Bayesian Hierarchical Latent Mixture Model

I am trying to fit the below model in which an adapted Latent Dirichlet model is used to identify latent types of individuals as captures in theta. For each of these individuals we observe a set of rankings from an experiment, and we fit a Placket-Luce (exploded-logit) model to decompose these rankings into the importance of (a) the types, (b) a set of observable characteristics X and (c) an individual mean (Gamma).

The index contains an ID for each individual from 1:N, and the ranking contains the ranking of the assessor for up to three individuals.
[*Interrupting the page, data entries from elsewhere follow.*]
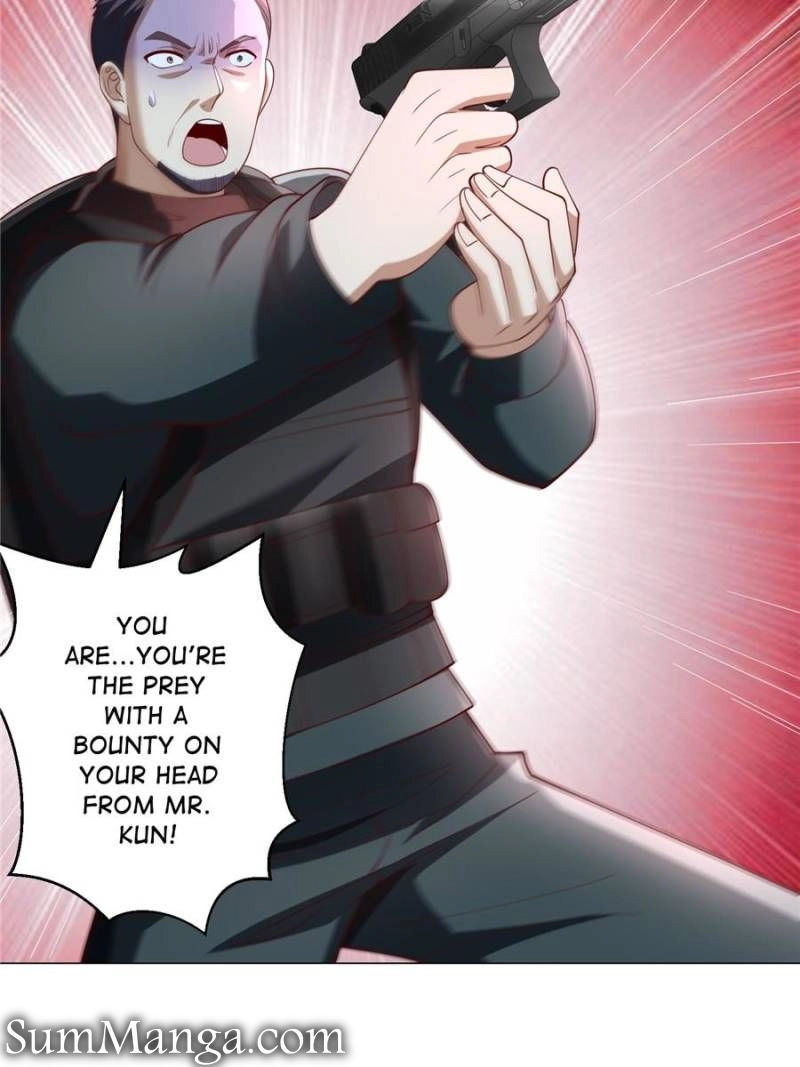 The Supreme Almighty Master (Remake) Chapter 119 page 18 - 
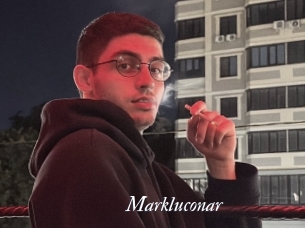 Markluconar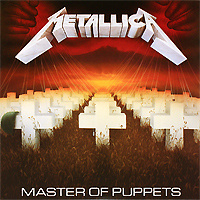 Metallica. Master Of Puppets - купить альбом Metallica. Master Of Puppets 2009 на лицензионном диске Audio CD в интернет магазине Ozon.ru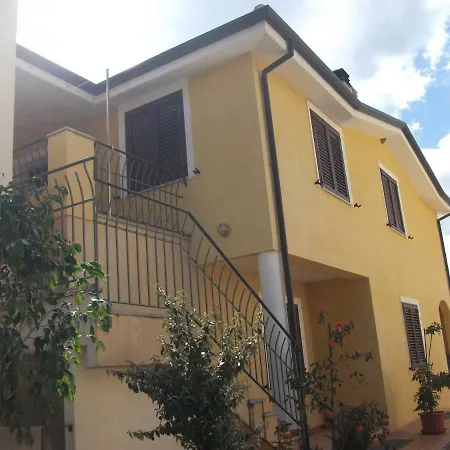 B&b4pi فندق مبيت وإفطار *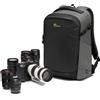 Lowepro Flipside BP 400 AW III Zaino per Fotocamera Mirrorless e DSLR -
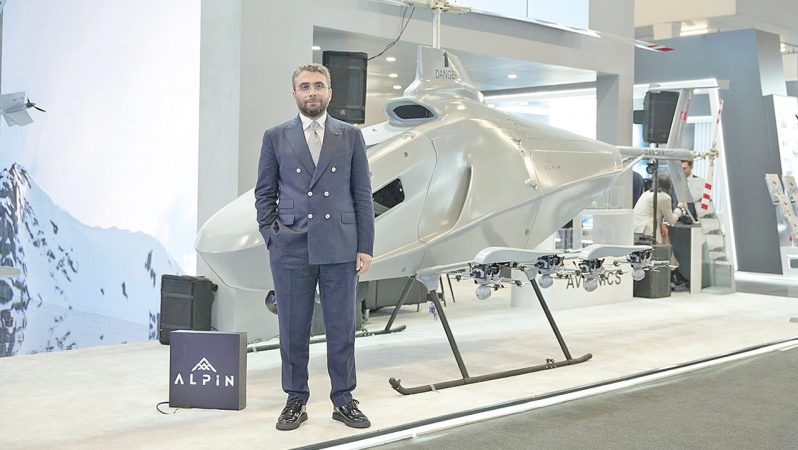Pasifik Teknoloji A.Ş.: Uluslararası Çerçeve Anlaşmasıyla Savunma Sanayinde İlk İhracat Adımları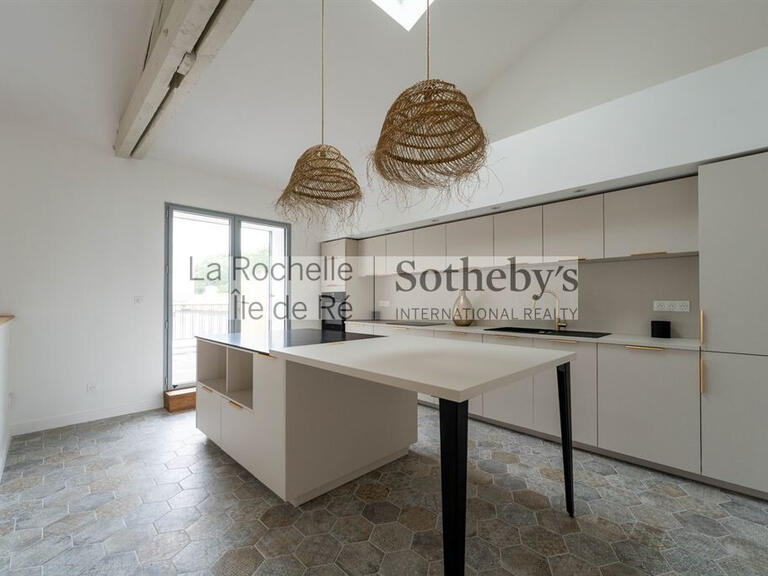 Vente Maison La Rochelle - 3 chambres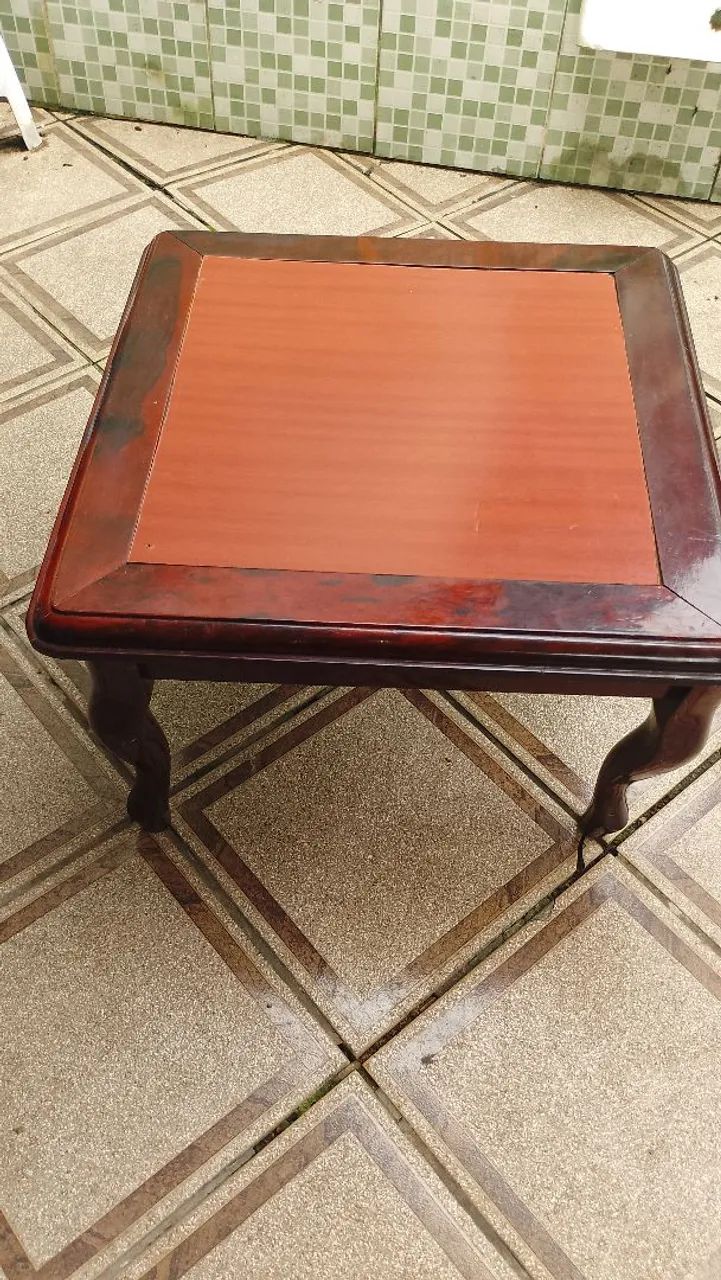 Mesinha para sala  - Foto 4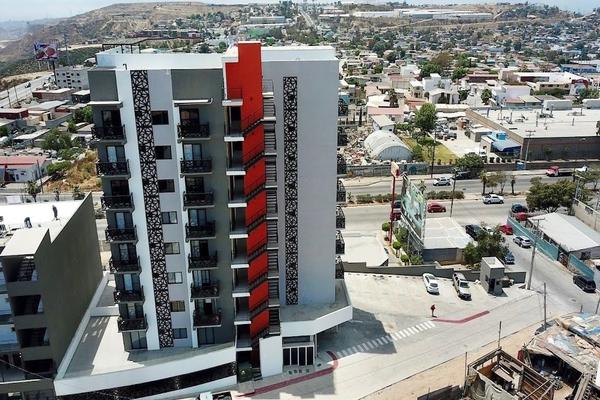Foto de inmueble en  , Col. Fundadores C.P. 22046, Tijuana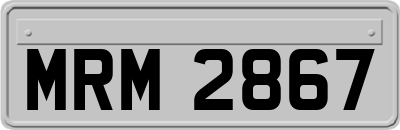 MRM2867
I am estimating this model for simulated data currently, and have some technical and conceptual issues:

  • I ordered one of the type characteristics to ensure the model is identifiable, however the model can now converge to a point where this constraint is binding. Is it kosher to simply swap the type labels after the warm-up if this ordering constraint binds? Can this done directly using the fit object and then re-entered as a new initial value?
  • In trying to estimate alphaVar I worry that I run into a problem similar to Neal’s Funnel and is I include this in estimation I get an E-BMFI<0.2. How might I reparameterise my model to avoid this?
  • Does the code generally look sensible/efficient, this is my first STAN model so I am still trying to figure out best practices.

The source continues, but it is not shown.